Posted: April 21, 2013 at 11:51 pm
AVL Powertrain Engineering Inc. and Ford Motor Co. say a gasoline blend containing between 20% and 40% alcohol appears to be a good option for high-compression engines designed for high-octane fuel, Green Car Congress reports.
Researchers from the two companies presented their analysis at last week’s SAE 2013 World Congress in Detroit.
Adding ethanol to gasoline produces a constellation of new variables that impact engine performance and efficiency, the team notes. It says carefully balancing the characteristics of ethanol blends with engine design can produce significant efficiency improvements.

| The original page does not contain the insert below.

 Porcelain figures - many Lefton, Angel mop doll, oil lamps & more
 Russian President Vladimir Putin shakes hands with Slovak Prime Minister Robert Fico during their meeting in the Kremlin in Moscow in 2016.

The team says a 20%-40% ethanol blend with regular-grade gasoline would provide high knock resistance. This characteristic could be use to support downsized engines designed to operate at slower speeds, thus improving fuel economy.
The increased knock resistance of ethanol blends enables a higher compression ratio that raises thermal efficiency. This characteristic can be used to offset the 33% lower energy content of ethanol compared with gasoline.
Likewise, increasing the ethanol content also reduces the need to richen the fuel mixture in high-speed, high-load conditions to control exhaust temperature. Both options increase fuel efficiency.
The AVL-Ford team concludes that the impact of higher ethanol blends on engine emissions is relatively neutral in modern engines.